Mr Rendell started his apprenticeship as an electrician on December 9, 1968.

"Then I came to Redbank and worked on locos. I've specialised on diesel locos," he said.

"I've been at Redbank since 1973, and was at Ipswich and Brisbane before that while I was doing my apprenticeship."

Mr Rendell's consecutive years of service with Queensland Rail (QR) and Aurizon is a rare achievement these days. So what has been the attraction at the Redbank railway workshops?

"The camaraderie, I was 12 minutes from home and it was a good place to work," he said.

"It is still a good place to work, although not as good as it was.

"I didn't see any need to go anywhere else."

He has seen plenty of changes, particularly in staff numbers.

"There were 500 or 600 here and then it went up to 900 when they closed Ipswich (railway workhops) down and they came out here, but now it is down to bare bones," he said.

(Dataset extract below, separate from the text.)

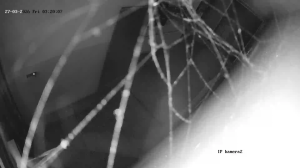 Caméra IP - Slowakei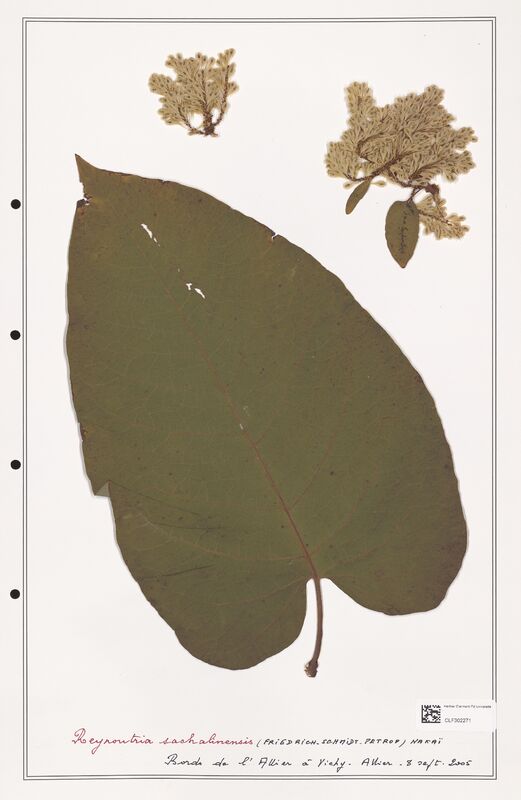 Reynontria sachalinensis  (Polygonaceae)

"The place is going to shut altogether in June of 2017 so they tell us.

"I was prepared to stay and get 50 years of service but that is not going to happen, so I am taking a redundancy and going.

"When I go there will only be around 100 men left. It is just a sign of the times. It used to be commonplace here for blokes to get 45 or 50 years of service, but those days are gone."

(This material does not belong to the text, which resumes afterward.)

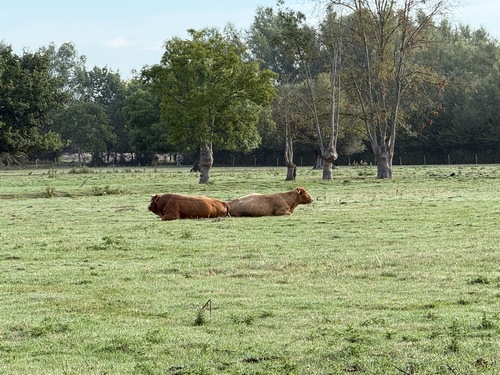 Paysages du marais d'Anneville.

Technology has changed markedly since Mr Rendell started work but one thing that hasn't is his renowned ability to fix diesel locos.

"I have spent most of my life on diesel locos and the major change I have seen is that the new generation locos have got computers controlling everything," he said.

"I have specialised in fault finding on diesel locos and it is a whole new ball game with computers.

"We got thrown in the deep end at the start, but we got a grip on it and got to know them.

"They used to send them to me from all over the state when they couldn't fix them electrically...and I'd fix them.

"Sometimes you'd have to get a bloke who was good on theory to come and help you but most times I could fix them."

The 62-year-old isn't the longest serving employee at Redbank.

"There is one other bloke who has got a year on me and he's still here," he grinned.

Mr Rendell has a great appreciation for the opportunity he was given as a youth. He earned it though.

"I come from Gympie originally and I couldn't get a job up there as an apprentice," he said.

"I put in for quite a few jobs, and I put in for the railway exam to be a tradesman.

"In those days if you did the exam, depending on how high up the list you got, you'd get an apprenticeship.

"They wanted a couple of hundred blokes. A couple of thousand applied and I got 18th.

"They wanted 20 electricians so I got what I wanted.

"I've appreciated having a job I wanted all those years. My employer looked after me and I looked after them."

Mr Rendell has brought up two children with wife Yvonne. Now it is time for him to kick back and enjoy life away from the workshops.

"I'll spend time with my kids and my grandkids. My daughter has just had identical twin girls so I will be pretty busy," he said.

"I've got a boat so I am going to go fishing. I've got a bike and I'll ride that around and do a bit of travelling."